I know these ranges are “reasonable” from experience. The experience varies slightly with b-value, and type of CSD, and a few other quality aspects of the data. In practice though, it’s for each new type of data a little exploration, just like you did now, by testing a few values. To choose among those, rely on basic anatomical knowledge: if the threshold is too low, you’ll easily identify the false positives. These will reduce with higher threshold, but at some point you’ll see false negatives pop up in return. As to where to see the first false negatives “pop up” (i.e. the streamlines disappear), that would be genuine 3-way crossings, e.g. in the centrum semiovale, for the same reasons as the GM situation: more peaks means the total amplitude is divided among them, so individual amplitudes are smaller, and thus risk falling below threshold easier.
…long story short: it’s a balancing act! Once you’ve got decent choices and parameters for 1 subject though, they should translate to other subjects when using the same acquisition and processing steps.
I decided to go with a cutoff of 0.12 and I got the results below.
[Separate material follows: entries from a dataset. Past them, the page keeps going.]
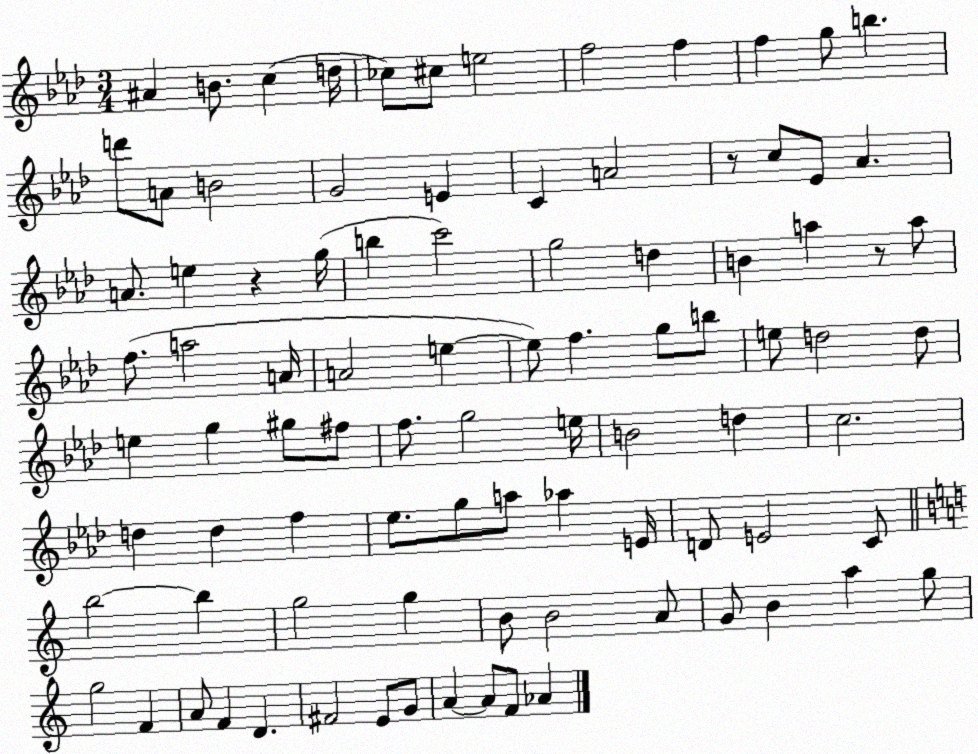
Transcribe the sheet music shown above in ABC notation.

X:1
T:Untitled
M:3/4
L:1/4
K:Ab
^A B/2 c d/4 _c/2 ^c/2 e2 f2 f f g/2 b d'/2 A/2 B2 G2 E C A2 z/2 c/2 _E/2 _A A/2 e z g/4 b c'2 g2 d B a z/2 a/2 f/2 a2 A/4 A2 e e/2 f g/2 b/2 e/2 d2 d/2 e g ^g/2 ^f/2 f/2 g2 e/4 B2 d c2 d d f _e/2 g/2 a/2 _a E/4 D/2 E2 C/2 b2 b g2 g B/2 B2 A/2 G/2 B a g/2 g2 F A/2 F D ^F2 E/2 G/2 A A/2 F/2 _A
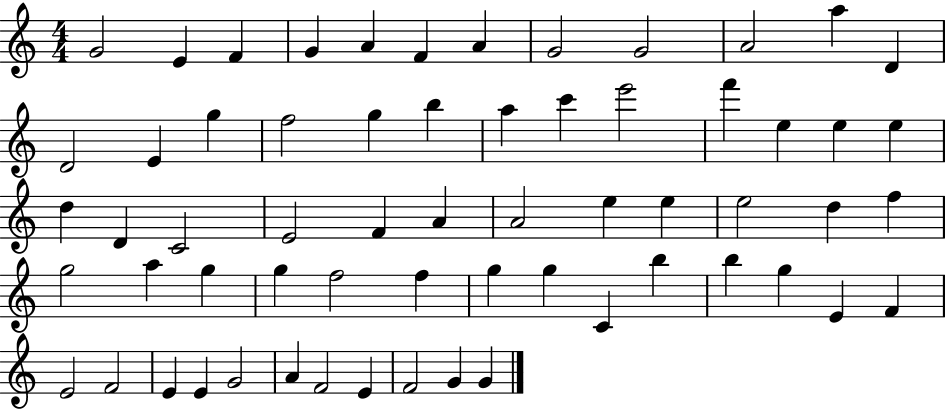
G4/h E4/q F4/q G4/q A4/q F4/q A4/q G4/h G4/h A4/h A5/q D4/q D4/h E4/q G5/q F5/h G5/q B5/q A5/q C6/q E6/h F6/q E5/q E5/q E5/q D5/q D4/q C4/h E4/h F4/q A4/q A4/h E5/q E5/q E5/h D5/q F5/q G5/h A5/q G5/q G5/q F5/h F5/q G5/q G5/q C4/q B5/q B5/q G5/q E4/q F4/q E4/h F4/h E4/q E4/q G4/h A4/q F4/h E4/q F4/h G4/q G4/q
Still some false positives, but I’m thinking they will be assigned low weights in tcksift2, so it won’t affect the connectome too much. Thanks for all your help!
Based on the screenshot, that seems like a very reasonable choice.
Yep, unavoidable. Getting rid of those just by choice of threshold will almost certainly imply losing other tracts in genuine white matter. If you ever need to describe this in a manuscript or other communication in terms of “limitations of this study” kind of context, the essence is 2-fold, but only because these two points come together in this scenario:
Low b-value.
2-tissue model; essentially lack of GM compartment, but as I mentioned above, WM-CSF is still to be preferred over WM-GM in my opinion.
…and in the end, a lot of people will think this result actually still looks quite good for such a low b-value! You might want to convince your audience by effectively showing an image of the tractogram (akin to your screenshot).